Em 1908, as norte-americanas decidiram, no Congresso Nacional do Partido Socialista dos EUA, lançar uma campanha ativa pelo voto feminino. Para tanto, designaram o último domingo de fevereiro de 1909 como o Dia da Mulher (Woman’s Day), ainda que, em Chicago, a comemoração teve de ser no 31 de janeiro porque o teatro que pretendiam alugar não estava disponível naquela data.

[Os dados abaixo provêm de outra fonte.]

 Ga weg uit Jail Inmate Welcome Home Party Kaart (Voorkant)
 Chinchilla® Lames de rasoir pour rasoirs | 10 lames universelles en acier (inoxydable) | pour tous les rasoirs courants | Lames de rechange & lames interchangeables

A proposta das socialistas alemãs e as mulheres na Revolução Russa

Em 26 e 27 de agosto de 1910, realizou-se em Copenhague a II Conferência Internacional de Mulheres Socialistas, na qual os principais debates foram sobre o voto feminino, a proteção social das mães e a necessidade de estabelecer uma relação mais regular entre as socialistas de distintos países. Então, as delegadas alemãs Clara Zetkin e Kate Duncker propuseram a seguinte moção: “Em acordo com as organizações políticas e sindicais do proletariado, as mulheres socialistas de todas as nacionalidades organizarão em seus respectivos países um dia especial das mulheres, cujo principal objetivo será promover o direito das mulheres ao voto. Será necessário debater esta proposição em relação à questão da mulher a partir da perspectiva socialista. Esta comemoração deverá ter um caráter internacional e será necessário prepara-la com muito esmero.”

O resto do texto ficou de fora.